**WORK INSTRUCTION:**
Please set down exactly the lines of the listing below from the line containing "Stager HM1010K compresor" through the line containing "Kubota Snapback Mesh", both lines included, leaving out all other lines.

**DATA TO EXAMINE:**
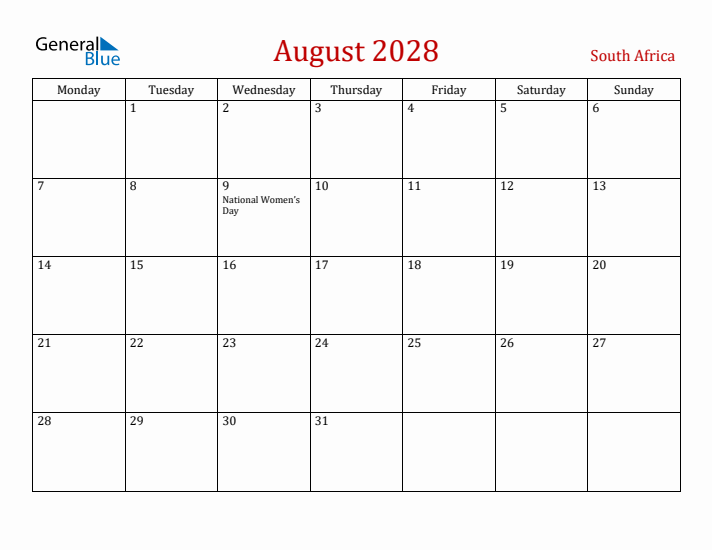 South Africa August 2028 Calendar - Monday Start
==
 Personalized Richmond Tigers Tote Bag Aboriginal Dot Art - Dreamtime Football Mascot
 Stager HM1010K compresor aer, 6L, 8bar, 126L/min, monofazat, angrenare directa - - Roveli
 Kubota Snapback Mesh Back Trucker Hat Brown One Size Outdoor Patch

**EXERCISE ANSWER:**
 Stager HM1010K compresor aer, 6L, 8bar, 126L/min, monofazat, angrenare directa - - Roveli
 Kubota Snapback Mesh Back Trucker Hat Brown One Size Outdoor Patch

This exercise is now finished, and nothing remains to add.